> _TASK TO CARRY OUT_: Please copy, exactly as they appear below, the lines from the one containing "SydneyMorell" through the one containing "350 4M AMG Premium Burm 360 Pa".
START PROVIDED DATA
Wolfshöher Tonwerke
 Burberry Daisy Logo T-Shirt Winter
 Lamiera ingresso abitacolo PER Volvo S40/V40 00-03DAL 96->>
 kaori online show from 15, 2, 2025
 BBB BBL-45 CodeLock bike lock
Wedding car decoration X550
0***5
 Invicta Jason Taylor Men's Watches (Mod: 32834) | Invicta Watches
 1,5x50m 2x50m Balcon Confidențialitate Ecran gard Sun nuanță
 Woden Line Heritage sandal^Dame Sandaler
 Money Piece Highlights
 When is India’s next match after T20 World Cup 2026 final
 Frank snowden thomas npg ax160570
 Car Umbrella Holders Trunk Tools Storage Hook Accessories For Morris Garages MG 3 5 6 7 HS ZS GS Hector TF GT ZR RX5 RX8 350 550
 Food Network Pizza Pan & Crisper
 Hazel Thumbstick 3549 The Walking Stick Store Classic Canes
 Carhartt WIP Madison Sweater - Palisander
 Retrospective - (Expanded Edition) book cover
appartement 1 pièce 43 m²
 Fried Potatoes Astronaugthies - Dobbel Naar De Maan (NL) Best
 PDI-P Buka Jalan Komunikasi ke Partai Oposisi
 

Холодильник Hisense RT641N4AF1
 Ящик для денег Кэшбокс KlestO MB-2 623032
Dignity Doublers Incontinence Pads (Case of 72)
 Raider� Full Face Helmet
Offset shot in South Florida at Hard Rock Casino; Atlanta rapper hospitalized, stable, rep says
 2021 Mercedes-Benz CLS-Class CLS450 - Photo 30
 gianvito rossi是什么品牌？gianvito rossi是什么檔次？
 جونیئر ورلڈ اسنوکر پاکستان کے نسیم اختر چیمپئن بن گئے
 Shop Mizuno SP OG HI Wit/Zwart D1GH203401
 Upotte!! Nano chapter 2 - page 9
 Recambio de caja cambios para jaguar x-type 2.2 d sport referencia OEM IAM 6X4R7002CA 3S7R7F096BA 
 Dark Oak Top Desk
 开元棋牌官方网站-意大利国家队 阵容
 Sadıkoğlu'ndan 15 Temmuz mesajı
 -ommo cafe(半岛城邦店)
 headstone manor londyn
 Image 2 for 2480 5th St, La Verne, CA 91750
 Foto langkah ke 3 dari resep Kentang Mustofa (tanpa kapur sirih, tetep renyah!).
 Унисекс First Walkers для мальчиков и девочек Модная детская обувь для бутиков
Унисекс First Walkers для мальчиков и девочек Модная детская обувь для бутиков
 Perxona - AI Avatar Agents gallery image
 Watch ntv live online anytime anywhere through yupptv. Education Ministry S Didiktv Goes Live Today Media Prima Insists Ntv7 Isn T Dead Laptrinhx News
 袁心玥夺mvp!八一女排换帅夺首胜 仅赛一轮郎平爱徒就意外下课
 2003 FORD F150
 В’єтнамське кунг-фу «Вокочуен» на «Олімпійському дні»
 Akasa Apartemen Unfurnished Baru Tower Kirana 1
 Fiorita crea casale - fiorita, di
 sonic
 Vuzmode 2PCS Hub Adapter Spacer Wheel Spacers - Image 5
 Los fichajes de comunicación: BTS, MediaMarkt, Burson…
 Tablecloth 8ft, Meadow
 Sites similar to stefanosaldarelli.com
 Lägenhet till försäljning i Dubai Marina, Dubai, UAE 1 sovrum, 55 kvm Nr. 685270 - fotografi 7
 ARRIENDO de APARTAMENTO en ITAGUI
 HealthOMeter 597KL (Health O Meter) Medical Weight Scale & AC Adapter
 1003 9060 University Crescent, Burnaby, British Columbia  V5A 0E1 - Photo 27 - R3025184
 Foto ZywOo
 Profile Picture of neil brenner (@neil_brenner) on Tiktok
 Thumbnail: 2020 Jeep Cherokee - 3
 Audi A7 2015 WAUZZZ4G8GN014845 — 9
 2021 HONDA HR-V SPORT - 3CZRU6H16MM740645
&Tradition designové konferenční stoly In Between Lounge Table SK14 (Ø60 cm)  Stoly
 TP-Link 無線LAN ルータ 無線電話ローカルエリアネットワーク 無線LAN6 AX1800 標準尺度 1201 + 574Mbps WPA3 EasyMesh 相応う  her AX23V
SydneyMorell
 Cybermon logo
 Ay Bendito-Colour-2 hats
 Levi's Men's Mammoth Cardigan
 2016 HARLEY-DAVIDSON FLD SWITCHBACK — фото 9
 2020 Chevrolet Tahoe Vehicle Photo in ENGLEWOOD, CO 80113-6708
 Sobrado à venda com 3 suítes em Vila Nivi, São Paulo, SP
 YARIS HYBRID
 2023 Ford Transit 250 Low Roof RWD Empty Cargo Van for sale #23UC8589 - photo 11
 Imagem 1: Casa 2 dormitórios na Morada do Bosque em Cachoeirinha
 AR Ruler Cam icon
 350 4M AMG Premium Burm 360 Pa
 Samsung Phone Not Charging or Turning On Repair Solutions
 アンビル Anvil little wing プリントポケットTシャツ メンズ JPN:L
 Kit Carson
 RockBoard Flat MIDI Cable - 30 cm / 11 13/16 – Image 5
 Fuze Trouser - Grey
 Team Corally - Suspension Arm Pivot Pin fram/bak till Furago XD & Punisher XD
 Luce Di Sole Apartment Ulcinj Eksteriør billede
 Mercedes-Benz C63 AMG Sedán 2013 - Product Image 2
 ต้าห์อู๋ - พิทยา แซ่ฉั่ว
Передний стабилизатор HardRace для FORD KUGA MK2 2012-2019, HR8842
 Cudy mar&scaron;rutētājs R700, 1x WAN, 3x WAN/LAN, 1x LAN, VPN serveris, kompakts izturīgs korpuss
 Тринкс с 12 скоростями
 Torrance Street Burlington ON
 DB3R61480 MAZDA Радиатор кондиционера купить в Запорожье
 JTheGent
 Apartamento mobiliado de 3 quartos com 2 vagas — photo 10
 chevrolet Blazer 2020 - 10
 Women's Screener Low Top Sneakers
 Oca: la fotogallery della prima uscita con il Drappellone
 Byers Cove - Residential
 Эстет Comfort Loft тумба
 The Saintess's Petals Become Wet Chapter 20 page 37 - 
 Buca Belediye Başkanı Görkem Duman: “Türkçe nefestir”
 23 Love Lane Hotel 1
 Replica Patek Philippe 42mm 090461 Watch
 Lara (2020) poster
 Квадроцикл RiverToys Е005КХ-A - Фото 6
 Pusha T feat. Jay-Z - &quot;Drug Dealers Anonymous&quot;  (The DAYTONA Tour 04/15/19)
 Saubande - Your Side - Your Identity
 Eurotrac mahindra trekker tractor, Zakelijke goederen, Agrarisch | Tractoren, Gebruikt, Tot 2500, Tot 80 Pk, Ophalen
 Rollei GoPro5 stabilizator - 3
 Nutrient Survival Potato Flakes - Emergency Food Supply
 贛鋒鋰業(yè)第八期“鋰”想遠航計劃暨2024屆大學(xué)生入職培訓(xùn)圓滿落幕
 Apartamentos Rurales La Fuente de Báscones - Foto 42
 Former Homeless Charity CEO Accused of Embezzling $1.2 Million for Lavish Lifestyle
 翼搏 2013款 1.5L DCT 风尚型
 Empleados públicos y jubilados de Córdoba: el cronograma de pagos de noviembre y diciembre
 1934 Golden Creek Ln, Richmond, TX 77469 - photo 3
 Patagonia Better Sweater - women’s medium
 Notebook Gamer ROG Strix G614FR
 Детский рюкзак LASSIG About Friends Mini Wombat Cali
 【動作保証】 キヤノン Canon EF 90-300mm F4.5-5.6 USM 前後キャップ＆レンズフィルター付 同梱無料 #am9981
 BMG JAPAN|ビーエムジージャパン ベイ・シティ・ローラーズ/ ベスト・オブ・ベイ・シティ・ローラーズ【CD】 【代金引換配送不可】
END PROVIDED DATA
> _SOLUTION TO THE EXERCISE_:
SydneyMorell
 Cybermon logo
 Ay Bendito-Colour-2 hats
 Levi's Men's Mammoth Cardigan
 2016 HARLEY-DAVIDSON FLD SWITCHBACK — фото 9
 2020 Chevrolet Tahoe Vehicle Photo in ENGLEWOOD, CO 80113-6708
 Sobrado à venda com 3 suítes em Vila Nivi, São Paulo, SP
 YARIS HYBRID
 2023 Ford Transit 250 Low Roof RWD Empty Cargo Van for sale #23UC8589 - photo 11
 Imagem 1: Casa 2 dormitórios na Morada do Bosque em Cachoeirinha
 AR Ruler Cam icon
 350 4M AMG Premium Burm 360 Pa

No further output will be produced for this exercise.